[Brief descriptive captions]
+ + +

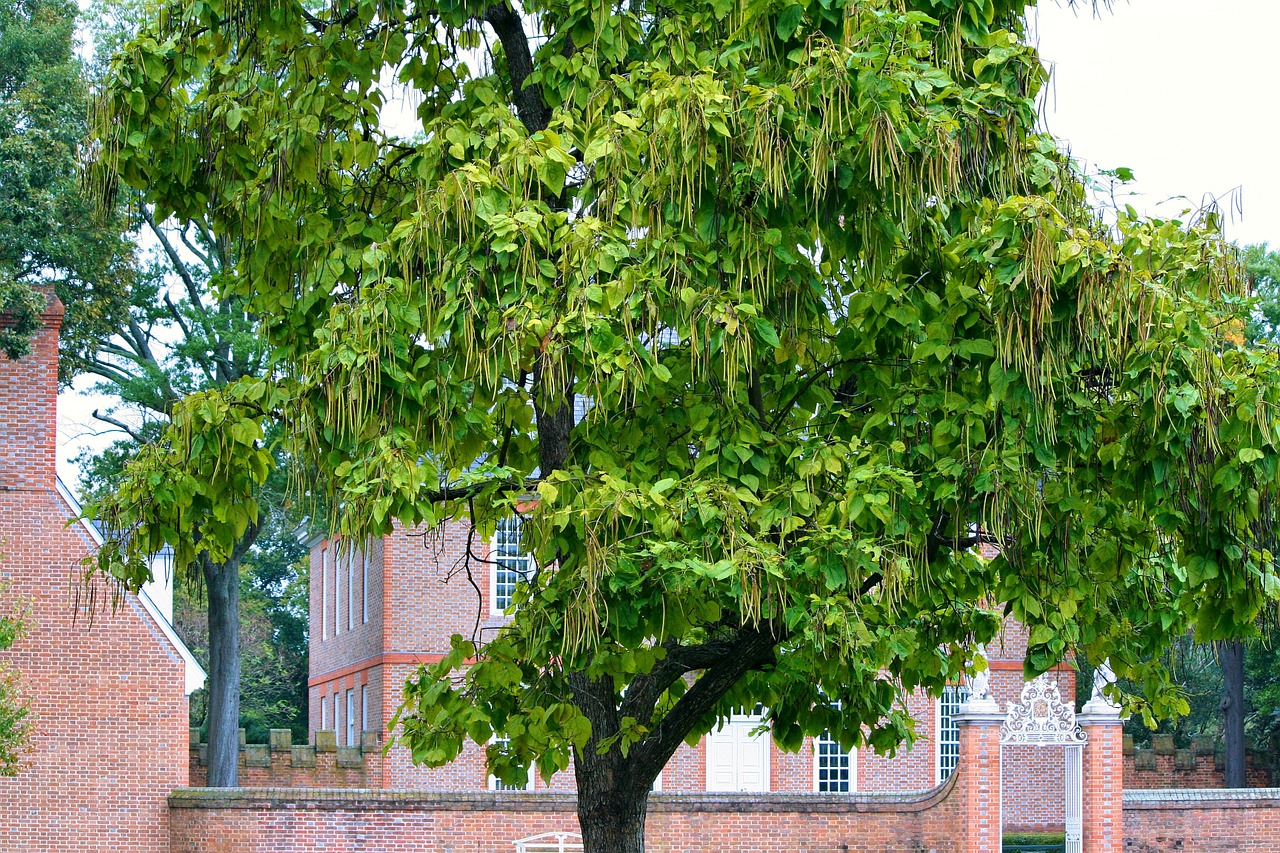 Catalpa Medis, Catawaba Medis, Bignoniaceae, Pupelių Pods Vaisiai, Medis, Ekologiškas, Žemdirbystė, Lauke, Aplinka, Bagažinė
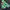 Y2K Skater Sweater Pria green black photo 5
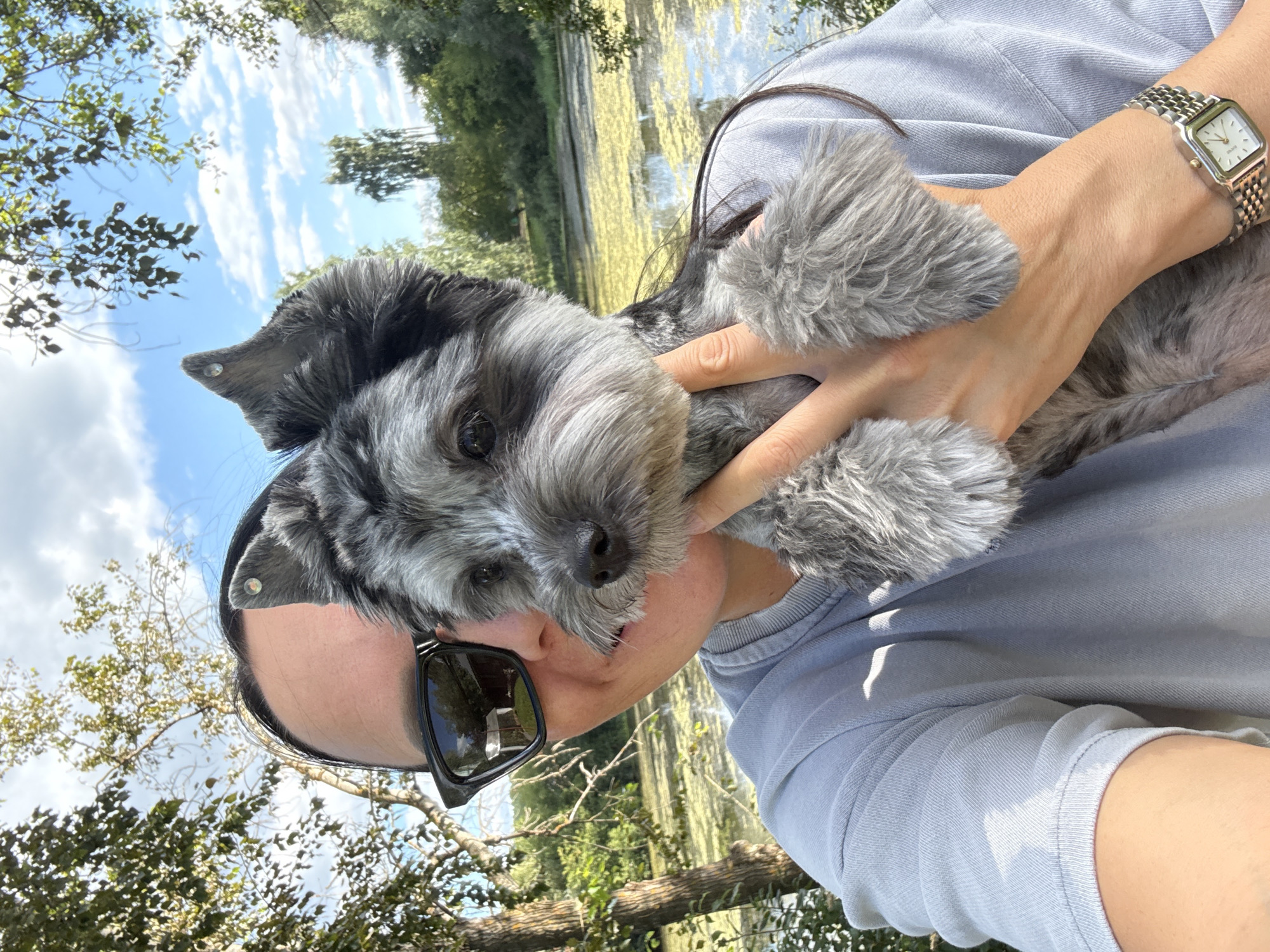 An outdoor, medium-shot, eye-level selfie shows a woman holding a gray schnauzer in front of a body of water. The woman's face is partially obscured by the dog. She is wearing sunglasses and a light gray t-shirt. The dog is held with its face near the woman's cheek. The background consists of trees and a body of water with green algae. The image appears to be taken on a sunny day. There is no indication of this location being in Chaikovsky, Russia.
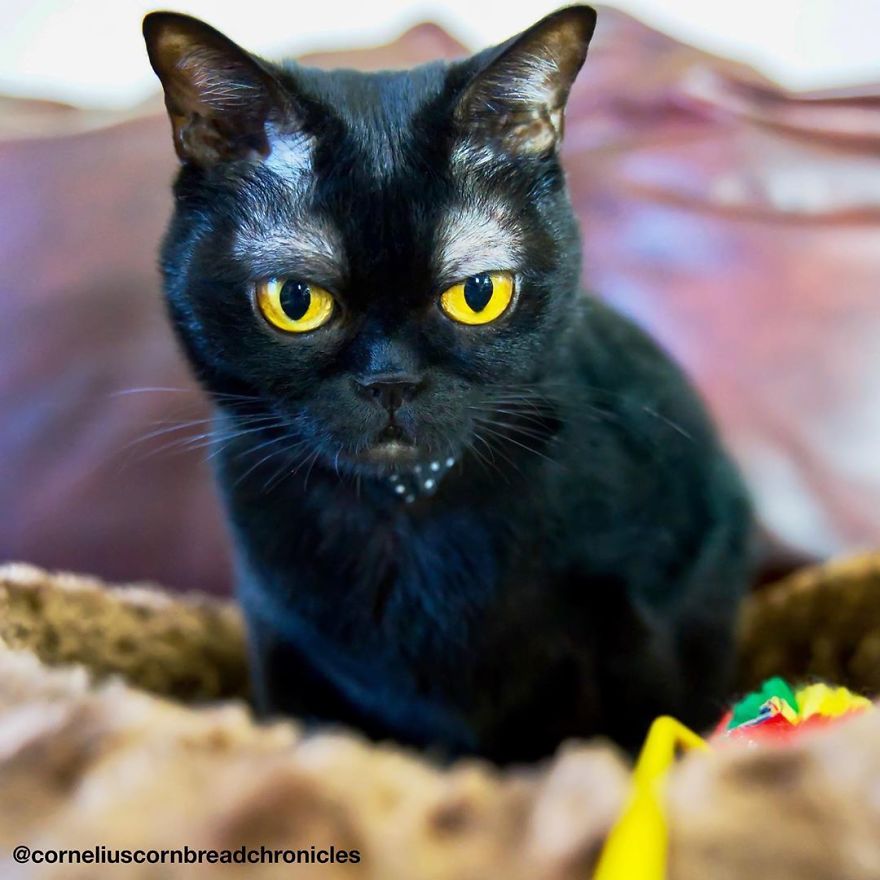 Meet Cornelius Cornbread, The Adorable Kitten With White Eyebrows (19 Pics)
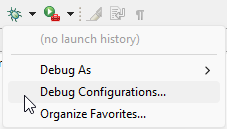run_debug_config-1.png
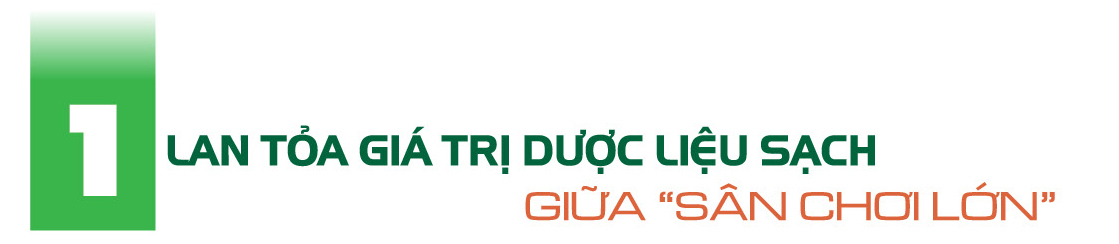 Longform | Dược liệu Bắc Hà: Khát vọng từ núi rừng vươn ra thế giới - 1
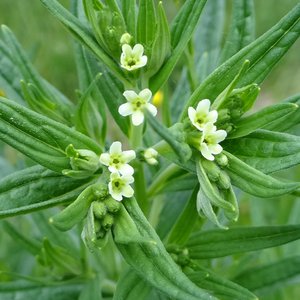 Echter Steinsame / Lithospermum officinale
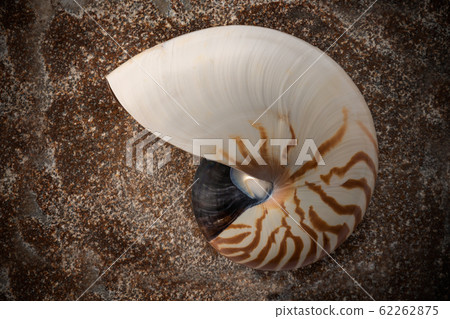 Living fossil, nautilus Living fossil, nautilus 62262875
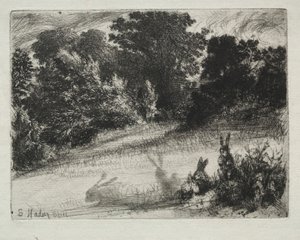 Combe Bottom da Francis Seymour Haden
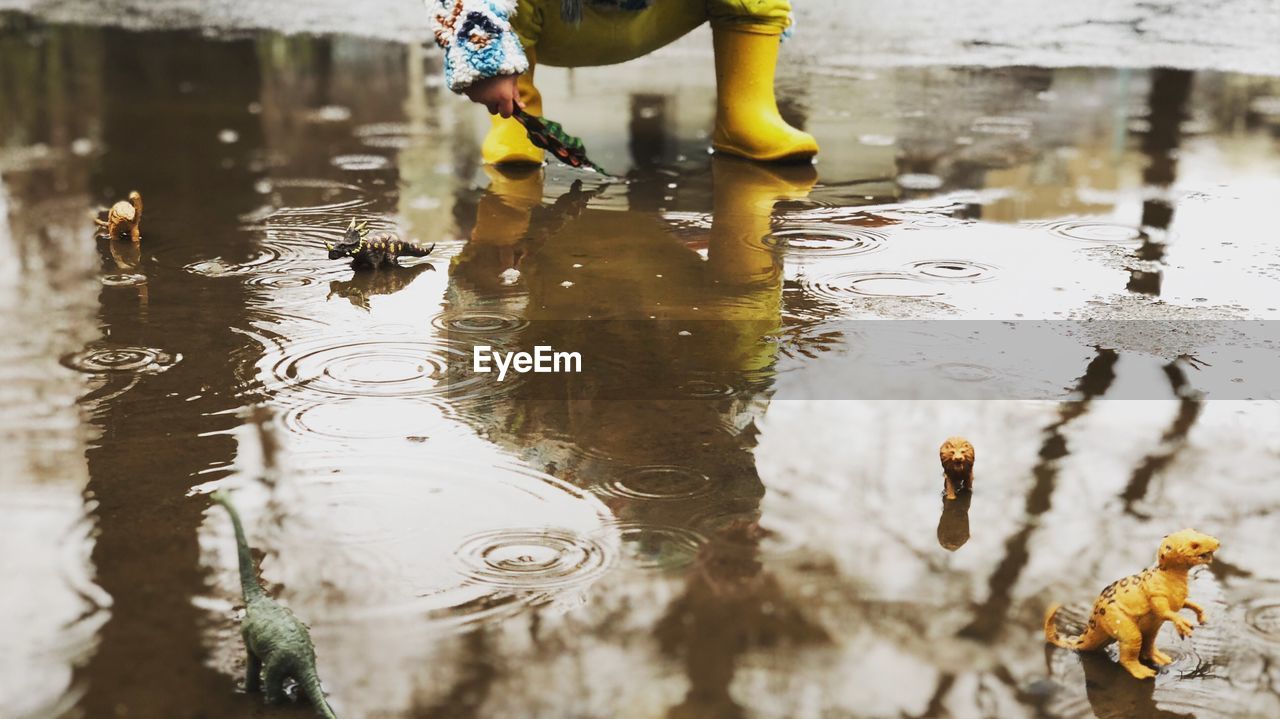 Low section of a boy playing with dinosaur on puddle during rainy season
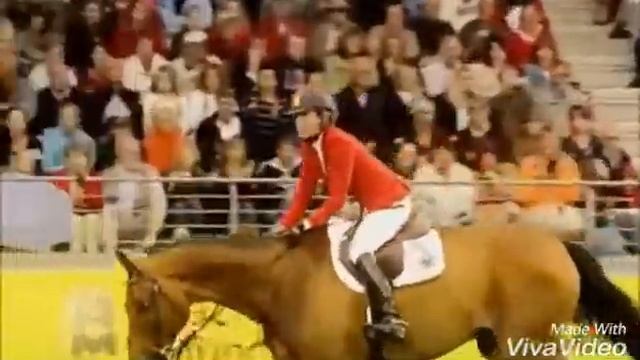 Клип "Чернила" конный спорт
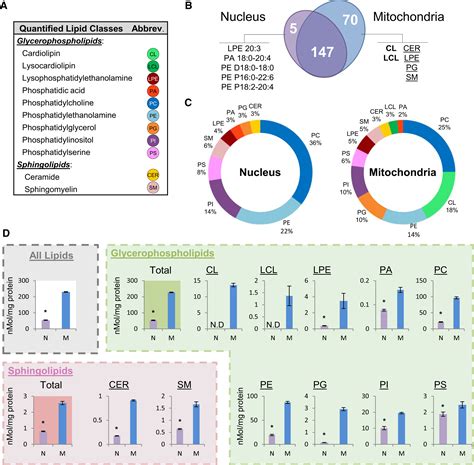 Lipidomics Analyses Reveal Temporal and Spatial Lipid Organization and Uncover Daily ...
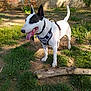 animal, black_and_white, canine, collar, dog, ears_up, earth, grass, greenery, harness, nature, outdoor, pet, playful, shadow, standing, stick, sunlight, tongue_out, wall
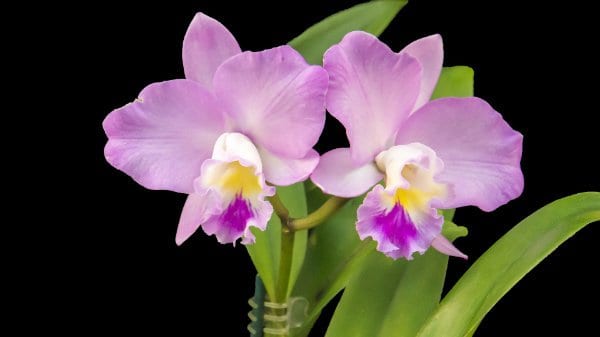 macro fiore orchidea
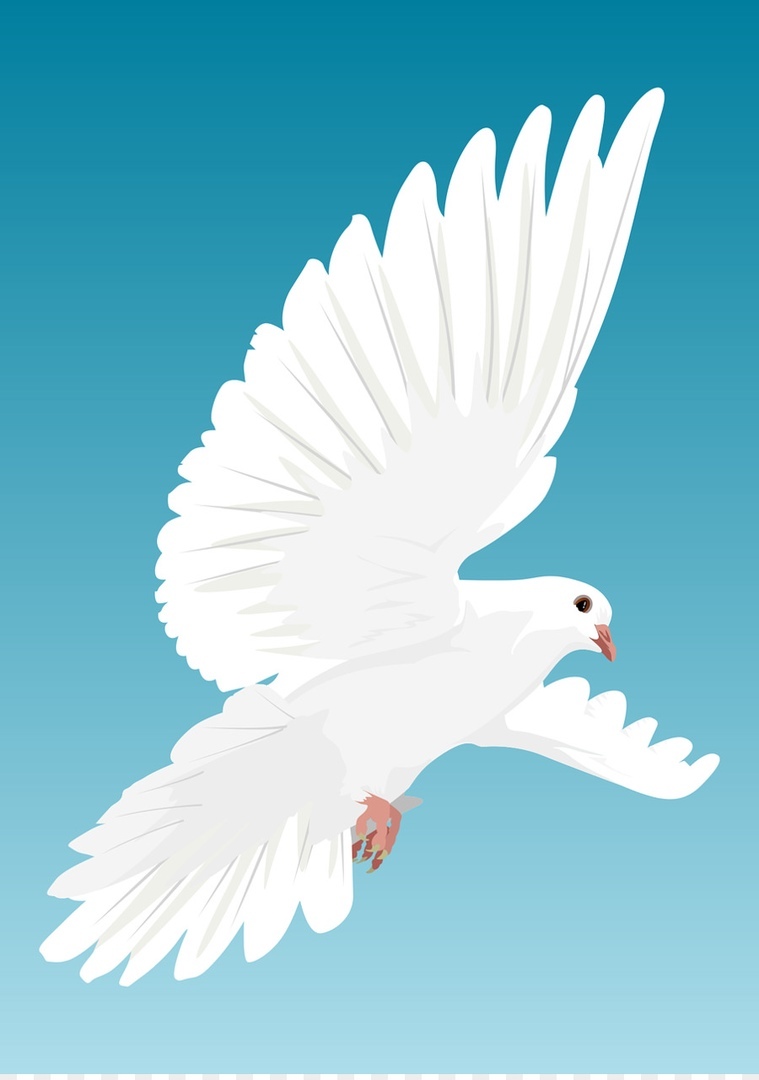 НКО "Голубка" г. Челябинск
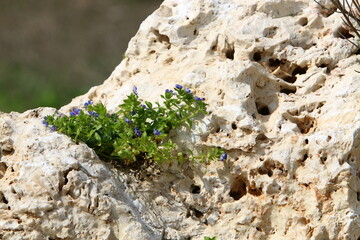 Green plants and flowers grow on rocks and rocks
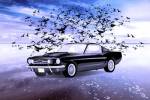Black Car by Ata Alishahi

+ + +

EXERCISE DESCRIPTION:
Since the pictures don't belong in the copy, copy only the rest of the entries above exactly.

FINISHED EXERCISE:
 Catalpa Medis, Catawaba Medis, Bignoniaceae, Pupelių Pods Vaisiai, Medis, Ekologiškas, Žemdirbystė, Lauke, Aplinka, Bagažinė
 Y2K Skater Sweater Pria green black photo 5
 An outdoor, medium-shot, eye-level selfie shows a woman holding a gray schnauzer in front of a body of water. The woman's face is partially obscured by the dog. She is wearing sunglasses and a light gray t-shirt. The dog is held with its face near the woman's cheek. The background consists of trees and a body of water with green algae. The image appears to be taken on a sunny day. There is no indication of this location being in Chaikovsky, Russia.
 Meet Cornelius Cornbread, The Adorable Kitten With White Eyebrows (19 Pics)
run_debug_config-1.png
 Longform | Dược liệu Bắc Hà: Khát vọng từ núi rừng vươn ra thế giới - 1
 Echter Steinsame / Lithospermum officinale
 Living fossil, nautilus Living fossil, nautilus 62262875
 Combe Bottom da Francis Seymour Haden
 Low section of a boy playing with dinosaur on puddle during rainy season
 Клип "Чернила" конный спорт
 Lipidomics Analyses Reveal Temporal and Spatial Lipid Organization and Uncover Daily ...
 animal, black_and_white, canine, collar, dog, ears_up, earth, grass, greenery, harness, nature, outdoor, pet, playful, shadow, standing, stick, sunlight, tongue_out, wall
 macro fiore orchidea
 НКО "Голубка" г. Челябинск
 Green plants and flowers grow on rocks and rocks
Black Car by Ata Alishahi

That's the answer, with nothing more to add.